Меня гложут сомнения лишь по части той партии, которую я здесь представляю, а в остальном я твердо убежден: быть в этом море зла рядом с людьми, которые страдают, из-под палки изображают ненависть к другим, которых они в глаза не знают, – это благо; благо быть рядом с теми, кто умирает без вины виноватыми, и с теми, кто их расстреливает, как Менегон.
Многие из моих собратьев, ослепленные красотою слов, проповедуют ненависть к врагу; такие священники – находка для пропаганды войны, им отдает предпочтение начальство. Я подал прошение о принятии меня в военные капелланы потому, что мне было не по себе от того, что священники в массе свой – христопродавцы: проповедуют солдатам и пишут в газетах слова, которые Иисус вряд ли одобрил. Не понимаю, для чего нужно было от всего отказаться, чтобы стать пастырем, если потом даешь увлечь себя неевангельским чувством, называемым «патриотизм»? К сожалению, и наши церковные верхи присовокупляют свой голос к вавилонской риторике лжи: кто из священников не патриот, тот – предатель отчизны.

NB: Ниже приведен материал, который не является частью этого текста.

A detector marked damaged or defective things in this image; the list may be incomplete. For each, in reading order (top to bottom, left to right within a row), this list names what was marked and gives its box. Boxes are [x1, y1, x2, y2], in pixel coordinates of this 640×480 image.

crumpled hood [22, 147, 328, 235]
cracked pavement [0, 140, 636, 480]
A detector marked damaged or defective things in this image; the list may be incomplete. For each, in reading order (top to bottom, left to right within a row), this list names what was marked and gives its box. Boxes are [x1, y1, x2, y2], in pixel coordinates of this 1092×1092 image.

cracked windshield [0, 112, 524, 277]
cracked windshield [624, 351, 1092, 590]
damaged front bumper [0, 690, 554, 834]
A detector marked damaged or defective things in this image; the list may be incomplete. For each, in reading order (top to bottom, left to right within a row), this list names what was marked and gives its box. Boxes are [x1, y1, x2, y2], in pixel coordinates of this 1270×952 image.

По справедливости, я должен был сказать Менегону, чтобы тот не вздумал стрелять, шел под трибунал за неисполнение приказа, где бы и схлопотал вышку. Я же не должен был оставлять его одного в этом проявлении истинного героизма, а публично встать на его защиту и вместе с ним отправиться на эшафот. Но у Менегона не хватает решимости на такой поступок. У меня, по правде, тоже. А это грех, поди, пострашней, чем поцелуи с Донатой.
В итоге я сказал ему, что даже война не в силах отменить заповедь любви. Враг тоже брат, он, как и ты, ни в чем не повинен. Я увещал его стрелять в австрийцев с тем же чувством ужаса, жалости и любви, с каким он завтра выстрелит в брата по крови.
Сидя на валуне, под непостижимым простором звездного неба, мы прочли с Менегоном молитву, начинающуюся словами, столь же непостижимыми и страшными, как и окружающее нас пространство: «Боже всемогущий и вечный…».
Я велел похоронить Боккарди на воинском кладбище рядом с павшими бойцами. Майор узнал об этом постфактум. Вызвал меня в свой штаб и задал взбучку. Смысл его выговоров сводился к следующему: недостойно хоронить дезертира рядом с героями.
Я вовремя остановился, чтобы не высказать ему все, что думаю по этому поводу. Я просто стоял, прикусив язык. Поэтому майор решил одержать надо мной решительную победу и зарядил одно и то же на все лады. Поскольку я приумолк, он перешел на отеческий тон, а это воистину невыносимая пытка.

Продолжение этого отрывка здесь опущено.